#### Problem to work on:
Transcribe the following entries word for word. End with the line where "If you don't" appears.

#### Raw data:
----------------------------------------
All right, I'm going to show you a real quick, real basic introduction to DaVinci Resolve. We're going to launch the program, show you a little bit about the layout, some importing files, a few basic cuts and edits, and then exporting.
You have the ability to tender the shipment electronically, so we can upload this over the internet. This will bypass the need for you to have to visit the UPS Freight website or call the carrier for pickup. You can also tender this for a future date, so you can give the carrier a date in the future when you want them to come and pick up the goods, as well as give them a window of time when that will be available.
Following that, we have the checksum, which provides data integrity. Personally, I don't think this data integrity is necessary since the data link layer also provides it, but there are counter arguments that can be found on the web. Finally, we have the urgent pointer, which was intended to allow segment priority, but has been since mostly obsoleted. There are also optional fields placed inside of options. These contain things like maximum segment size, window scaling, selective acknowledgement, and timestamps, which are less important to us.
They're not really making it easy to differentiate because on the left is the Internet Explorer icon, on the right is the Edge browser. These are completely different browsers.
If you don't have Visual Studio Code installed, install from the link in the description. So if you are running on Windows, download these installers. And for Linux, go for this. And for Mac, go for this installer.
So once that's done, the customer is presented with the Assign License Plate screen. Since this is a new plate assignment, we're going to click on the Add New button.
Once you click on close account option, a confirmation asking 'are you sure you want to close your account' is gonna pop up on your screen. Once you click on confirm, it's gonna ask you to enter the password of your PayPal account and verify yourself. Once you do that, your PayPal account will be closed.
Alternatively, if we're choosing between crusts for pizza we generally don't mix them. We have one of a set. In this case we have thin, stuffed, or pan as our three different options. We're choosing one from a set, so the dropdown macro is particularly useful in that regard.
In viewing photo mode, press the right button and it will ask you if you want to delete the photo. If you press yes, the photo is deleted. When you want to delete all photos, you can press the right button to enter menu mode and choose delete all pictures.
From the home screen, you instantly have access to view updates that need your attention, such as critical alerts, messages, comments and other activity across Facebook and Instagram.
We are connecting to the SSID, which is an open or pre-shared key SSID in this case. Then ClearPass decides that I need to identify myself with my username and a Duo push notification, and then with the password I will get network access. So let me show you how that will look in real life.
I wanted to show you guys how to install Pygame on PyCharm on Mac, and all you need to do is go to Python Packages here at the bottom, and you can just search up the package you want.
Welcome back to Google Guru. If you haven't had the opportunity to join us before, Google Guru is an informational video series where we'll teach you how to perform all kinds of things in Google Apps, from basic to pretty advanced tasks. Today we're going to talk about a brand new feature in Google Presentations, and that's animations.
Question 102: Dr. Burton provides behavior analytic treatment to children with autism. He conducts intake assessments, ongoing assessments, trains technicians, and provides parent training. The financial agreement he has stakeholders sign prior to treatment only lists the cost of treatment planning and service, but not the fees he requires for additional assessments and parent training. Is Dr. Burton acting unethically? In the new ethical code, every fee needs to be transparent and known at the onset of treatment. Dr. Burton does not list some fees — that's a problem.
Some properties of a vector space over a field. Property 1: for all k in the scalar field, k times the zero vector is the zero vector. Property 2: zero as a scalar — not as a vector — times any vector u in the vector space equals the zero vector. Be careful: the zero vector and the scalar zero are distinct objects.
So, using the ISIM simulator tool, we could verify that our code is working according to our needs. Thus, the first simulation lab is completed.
----------------------------------------
#### Solved exercise:
All right, I'm going to show you a real quick, real basic introduction to DaVinci Resolve. We're going to launch the program, show you a little bit about the layout, some importing files, a few basic cuts and edits, and then exporting.
You have the ability to tender the shipment electronically, so we can upload this over the internet. This will bypass the need for you to have to visit the UPS Freight website or call the carrier for pickup. You can also tender this for a future date, so you can give the carrier a date in the future when you want them to come and pick up the goods, as well as give them a window of time when that will be available.
Following that, we have the checksum, which provides data integrity. Personally, I don't think this data integrity is necessary since the data link layer also provides it, but there are counter arguments that can be found on the web. Finally, we have the urgent pointer, which was intended to allow segment priority, but has been since mostly obsoleted. There are also optional fields placed inside of options. These contain things like maximum segment size, window scaling, selective acknowledgement, and timestamps, which are less important to us.
They're not really making it easy to differentiate because on the left is the Internet Explorer icon, on the right is the Edge browser. These are completely different browsers.
If you don't have Visual Studio Code installed, install from the link in the description. So if you are running on Windows, download these installers. And for Linux, go for this. And for Mac, go for this installer.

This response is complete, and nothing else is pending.